Here is the project description: [u]a vendor rating system.[/u]

[u] The process:[/u] There are 9,000 vendors who sell to customers in multiple states. A vendor may or may not operate in all States.
-Each customer has different characteristics for instance age, marital status, gender, range, etc.
-Each vendor sells a combination of different products (there are about 6 different types of product on the market and these products are mutually exclusive).
-A customer can use only one product type at a time. There are 8 different ways each product can be used. For instance, a body soap can be used to take bath and wash hand.
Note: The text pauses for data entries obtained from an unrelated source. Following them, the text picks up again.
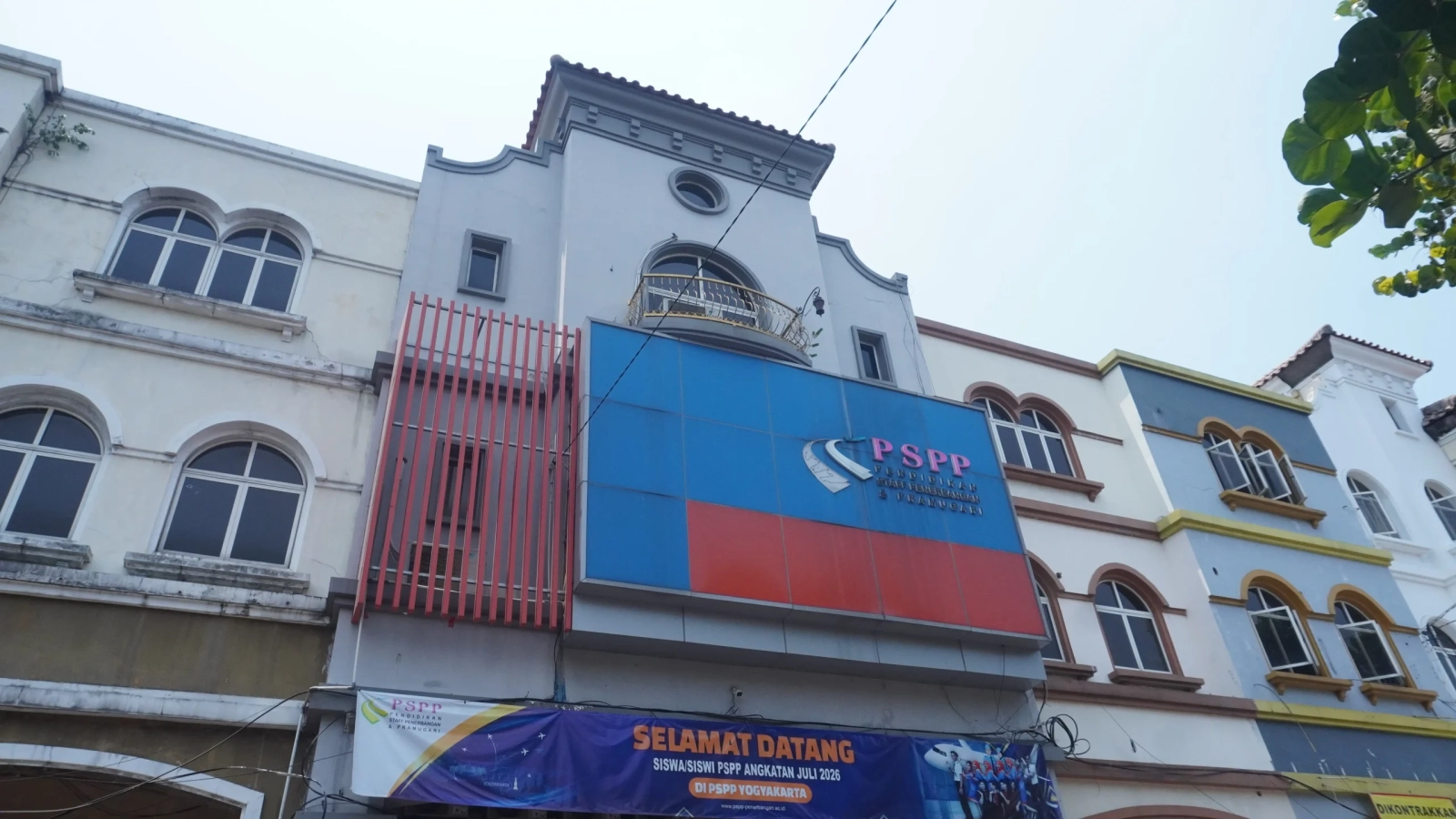 Gedung PSPP Yogyakarta, Pendidikan Staff Penerbangan & Pramugari.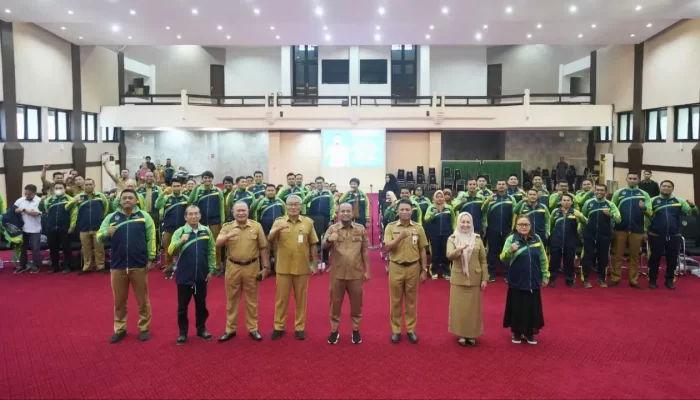 Gubernur Andi Sudirman Lepas 83 Atlet Menuju Pornas XVI Korpri di Semarang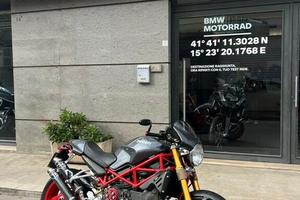 DUCATI Monster 900 S4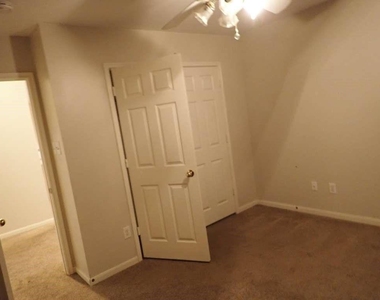 1734 Teal Brook Lane - Photo Thumbnail 12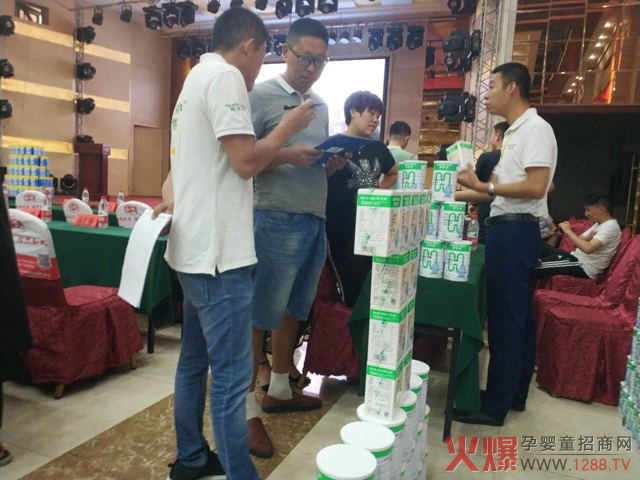 和天然在母嬰零售峰會(huì )山東站現場(chǎng).jpg 和天然在母嬰零售峰會(huì )山東站現場(chǎng).jpg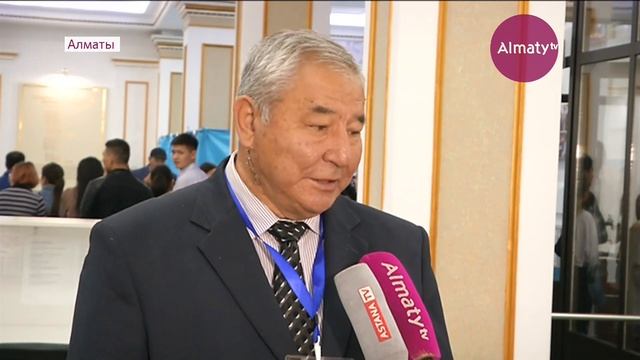 Алматыда сайлау учаскелерінде жастар белсенді дауыс беруде (09.06.19)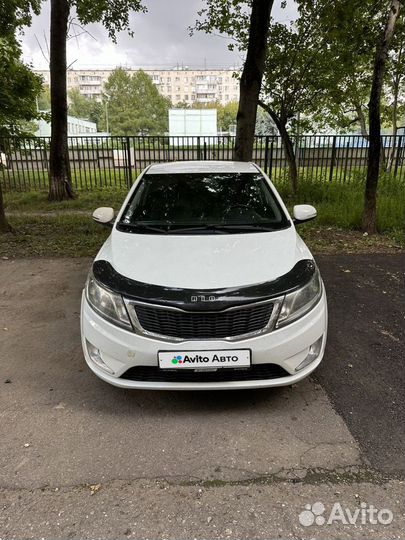 Kia Rio 1.6 AT, 2014, битый, 72 404 км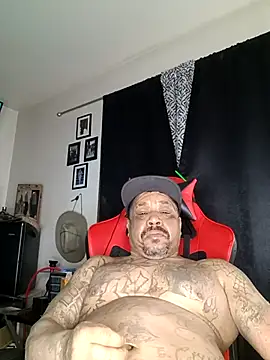 Snapshot of yellowwetfox chatting on February 28, 2025, 3:48 am yellowwetfox online show from February 28, 2025, 3:48 am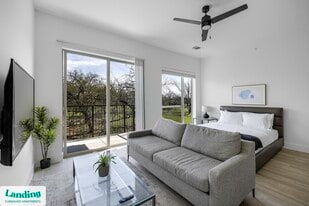 650 E Sycamore St in Denton, TX - Building Photo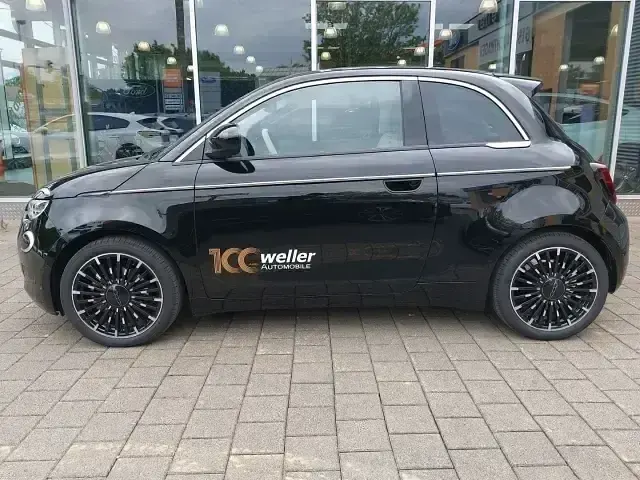 Gebraucht Fiat 500e La Prima 86 kW (118 PS) 2023 Onyx schwarz) (schwarz Limousine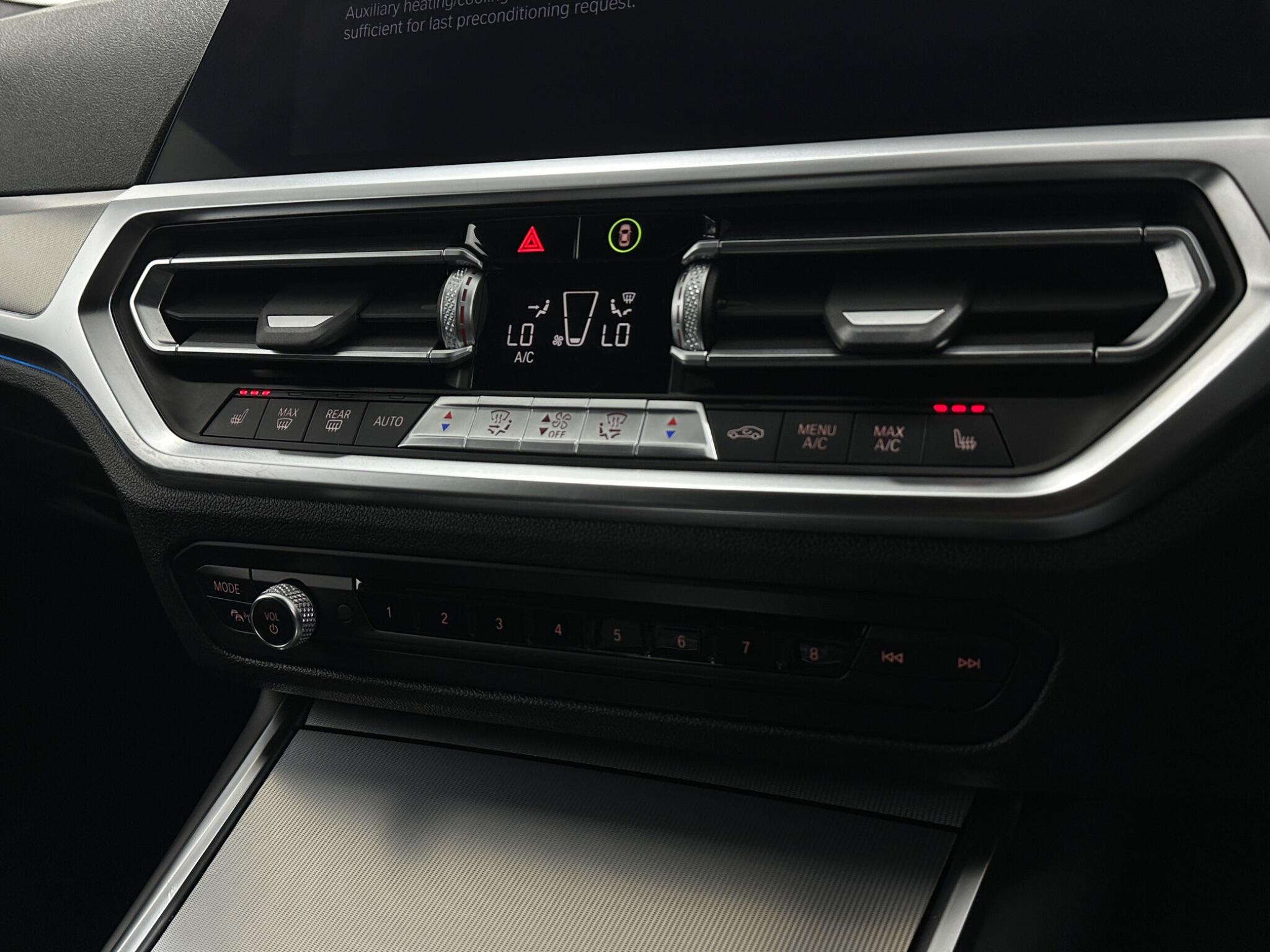 BMW 3 Series view 21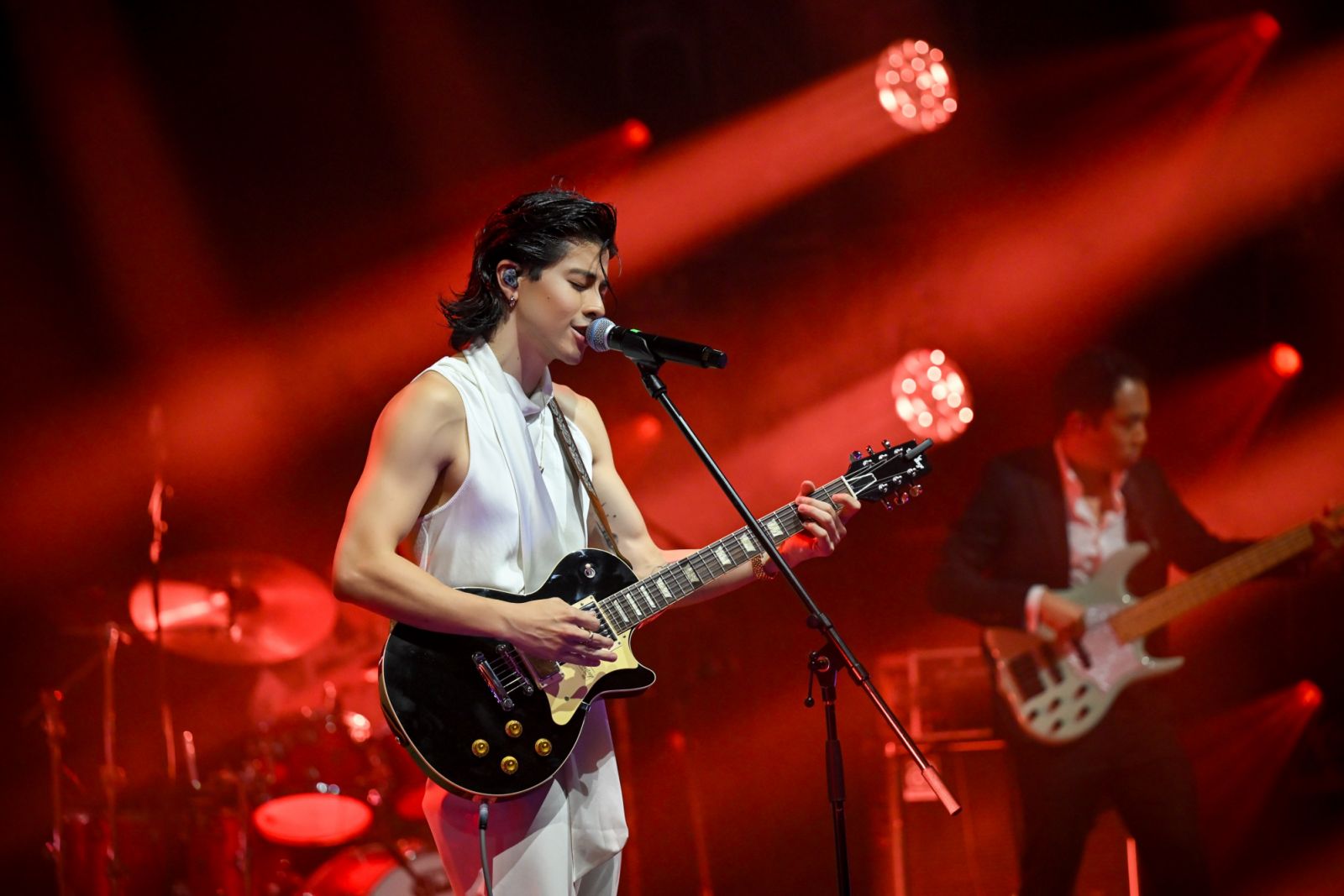 Benjamin Kheng performing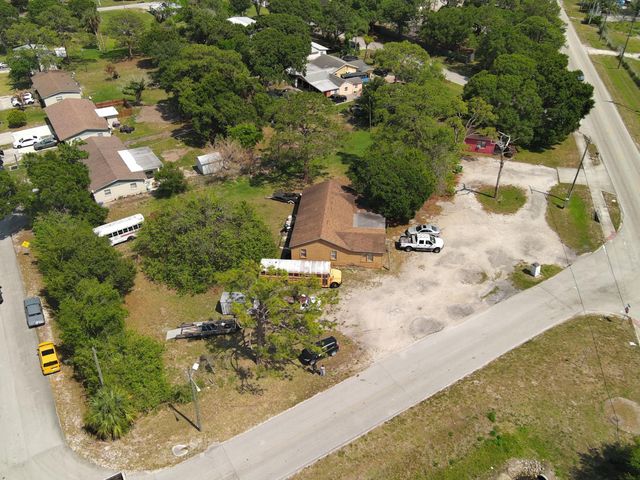 902 Angle Road, Fort Pierce, FL 34947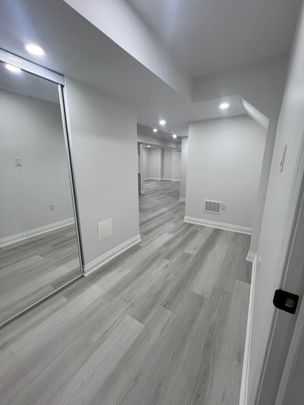 For Lease - 513 Grovehill Road, Oakville, Ontario - Photo 1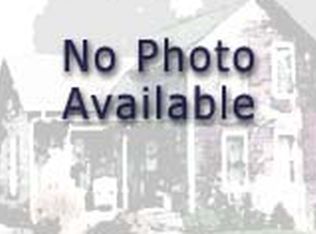 519 Madison St APT B, Everett, WA 98203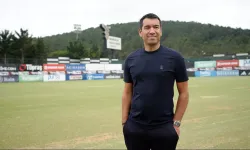 Beşiktaş Teknik Direktörü Van Bronckhorst, tesisleri gezdi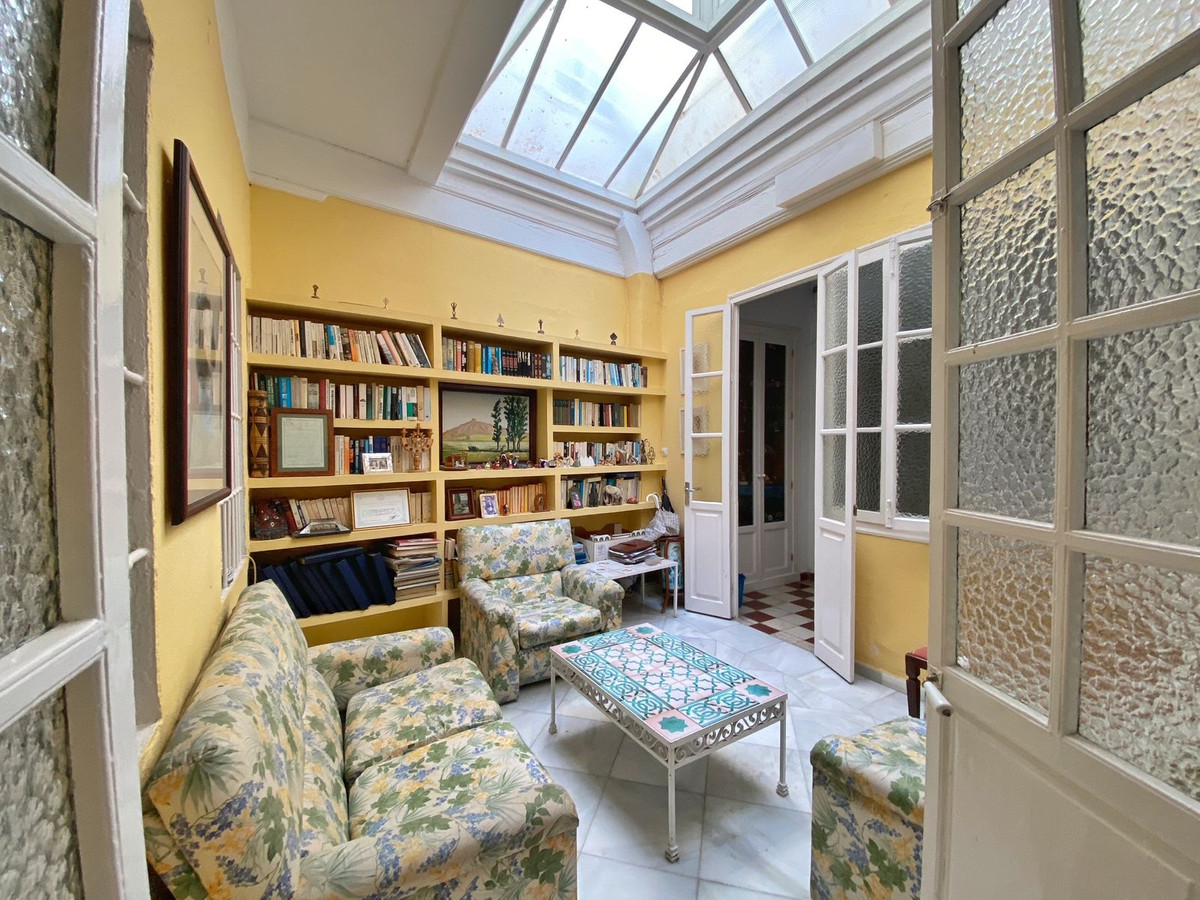 Se vende Edificio residencial de 16 dormitorios en Costa Del Sol, Málaga, España
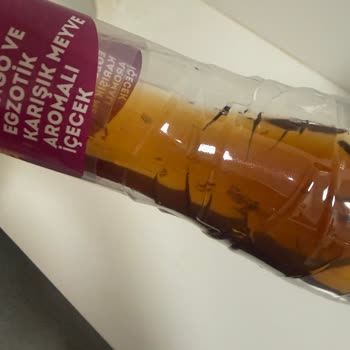 Lipton Ice Tea'de Kağıt Parçası Ve Solucan Benzeri Yabancı Maddeler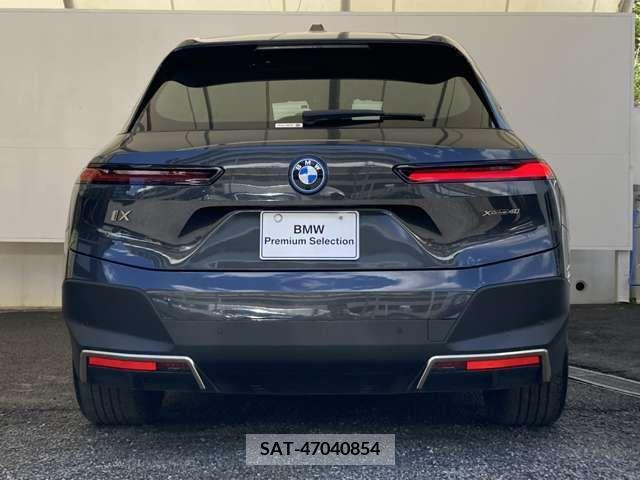 Bmw IX 2022-01 318965-10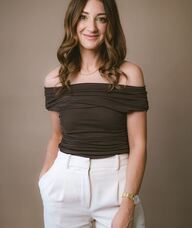 Book an Appointment with Jenelle Thiessen for Consultation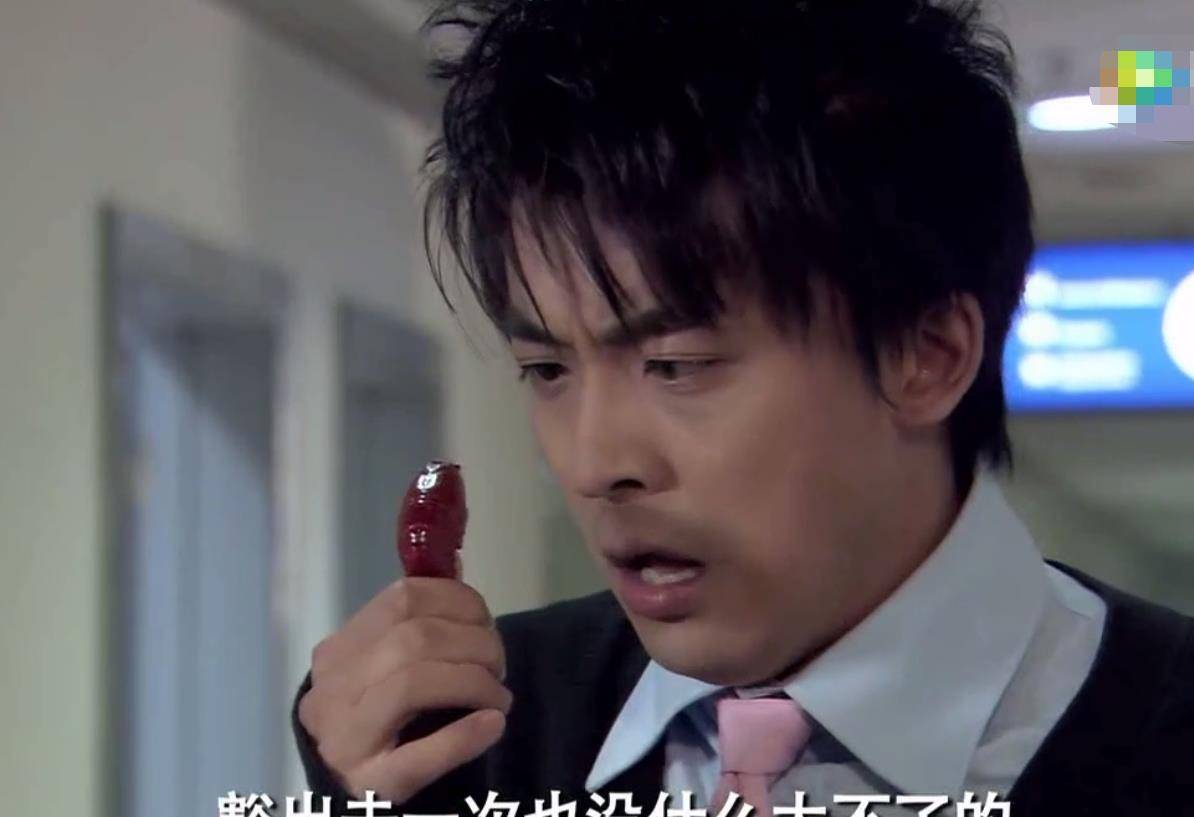 他还有一个响当当的外号叫做"张益达",李佳航更是直接喊话益达品牌方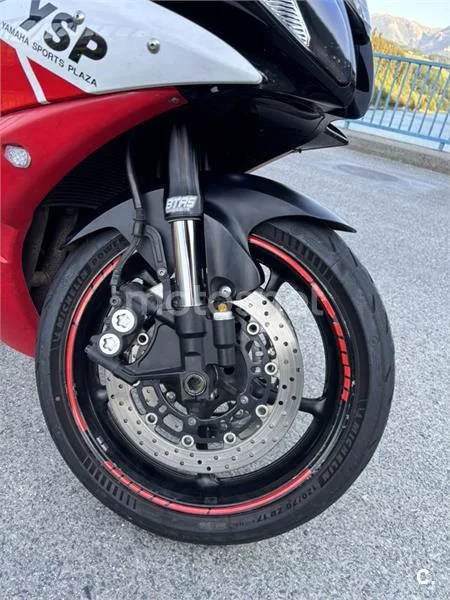 Yamaha YZF-R6 - Vista 5
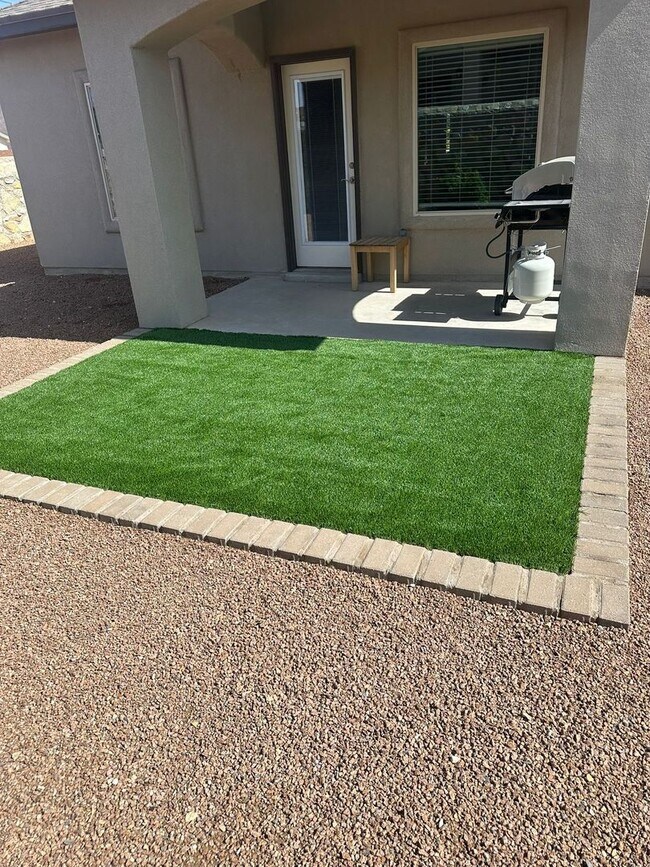 Building Photo - Furnished Eastside Beautiful 3 bed/2 baths...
It's not frequent to find people who collect different brand of body soap.

- Each vendor can have relationship (on a different matter: for instance exchanging information about their customers) with other vendors.
- I have the raw data about all the products sold from all the vendors along with all the characteristics previously described.

[u]Goals:[/u] I would like to assign a score (based on customer experience with the product) to each vendor. Specifically, I want to accomplish the following:

0- Define the scoring system: for instance, the percentage of specific group of satisfied customers for a vendor, after taking into account whether or not the vendor sold at least 2% of the product to the specified group.

1. The customer comes to the website, inputs the characteristics and the zipcode, then the web application will show the top ranked vendors for the customer.

2. The customer can decide not to give all the characteristics, and I still should be able to provide top vendors.

3. The customer may want to see the top vendors in the county, state or nationwide instead and the web application should be able to give it as well.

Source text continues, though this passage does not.